#### What to do:
What is needed here is an exact repetition of the records below, beginning at the line that has "Everything's all done." and stopping after the line that has "You'll see what".

#### Stored data:

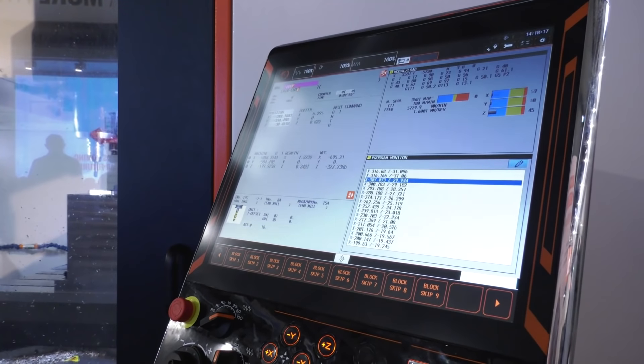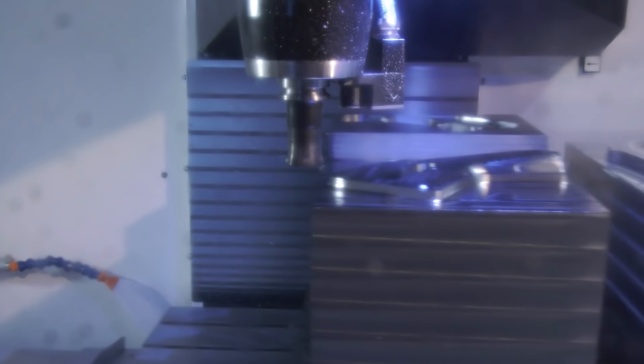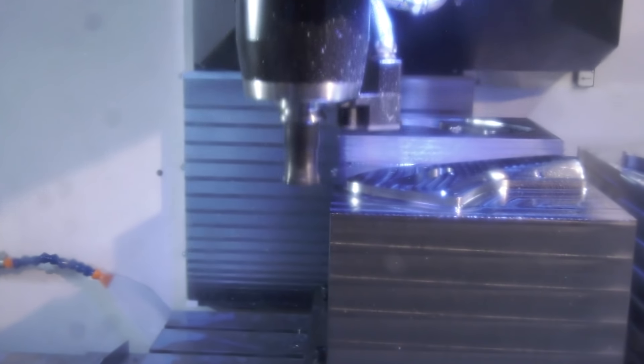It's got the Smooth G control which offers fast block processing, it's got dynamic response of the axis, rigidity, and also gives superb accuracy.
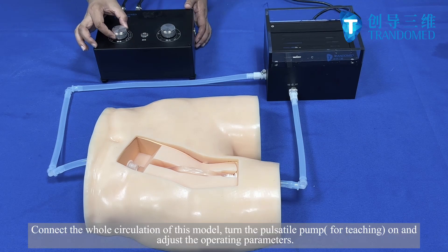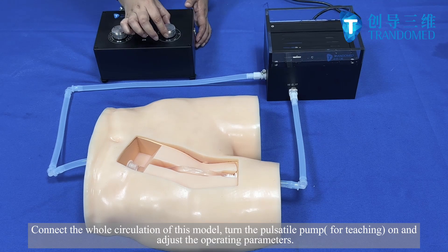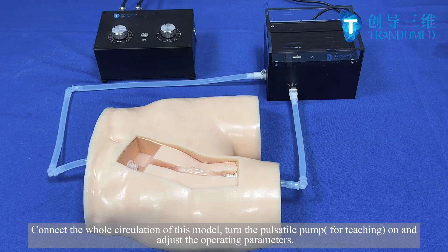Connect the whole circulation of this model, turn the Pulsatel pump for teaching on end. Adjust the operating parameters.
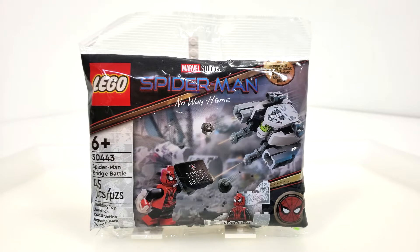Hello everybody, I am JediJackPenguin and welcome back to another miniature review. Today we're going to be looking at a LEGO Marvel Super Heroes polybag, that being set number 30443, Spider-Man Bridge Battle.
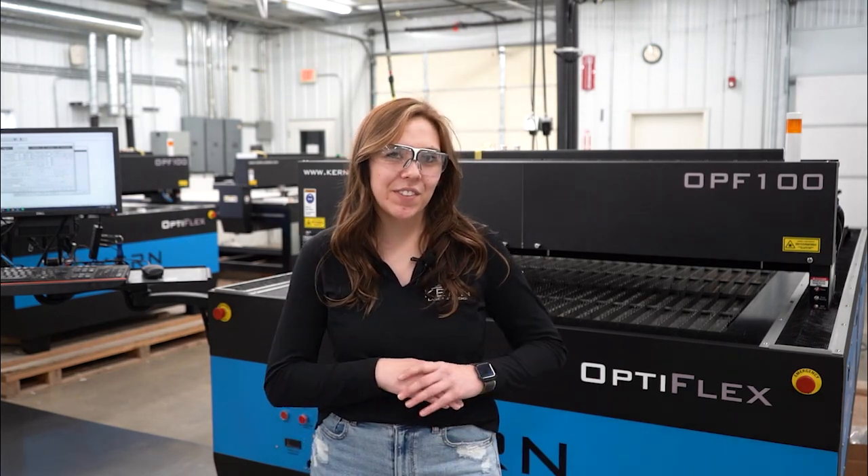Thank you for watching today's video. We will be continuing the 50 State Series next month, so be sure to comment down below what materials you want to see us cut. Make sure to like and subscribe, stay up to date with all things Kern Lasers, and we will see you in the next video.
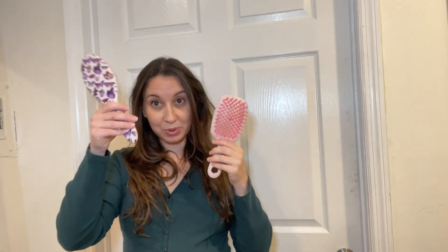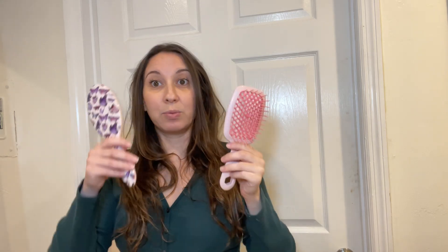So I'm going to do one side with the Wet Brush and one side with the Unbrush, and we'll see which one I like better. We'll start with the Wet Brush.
---
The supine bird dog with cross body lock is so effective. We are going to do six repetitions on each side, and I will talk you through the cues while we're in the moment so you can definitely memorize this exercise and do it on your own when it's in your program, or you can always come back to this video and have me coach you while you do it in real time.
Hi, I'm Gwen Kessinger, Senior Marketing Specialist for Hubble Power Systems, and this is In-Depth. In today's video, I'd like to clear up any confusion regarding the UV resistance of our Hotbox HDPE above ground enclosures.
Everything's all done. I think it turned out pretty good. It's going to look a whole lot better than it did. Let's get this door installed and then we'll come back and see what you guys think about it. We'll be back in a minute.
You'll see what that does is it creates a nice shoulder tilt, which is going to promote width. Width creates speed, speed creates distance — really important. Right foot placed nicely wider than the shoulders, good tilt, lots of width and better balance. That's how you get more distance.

#### Solution to this problem:
Everything's all done. I think it turned out pretty good. It's going to look a whole lot better than it did. Let's get this door installed and then we'll come back and see what you guys think about it. We'll be back in a minute.
You'll see what that does is it creates a nice shoulder tilt, which is going to promote width. Width creates speed, speed creates distance — really important. Right foot placed nicely wider than the shoulders, good tilt, lots of width and better balance. That's how you get more distance.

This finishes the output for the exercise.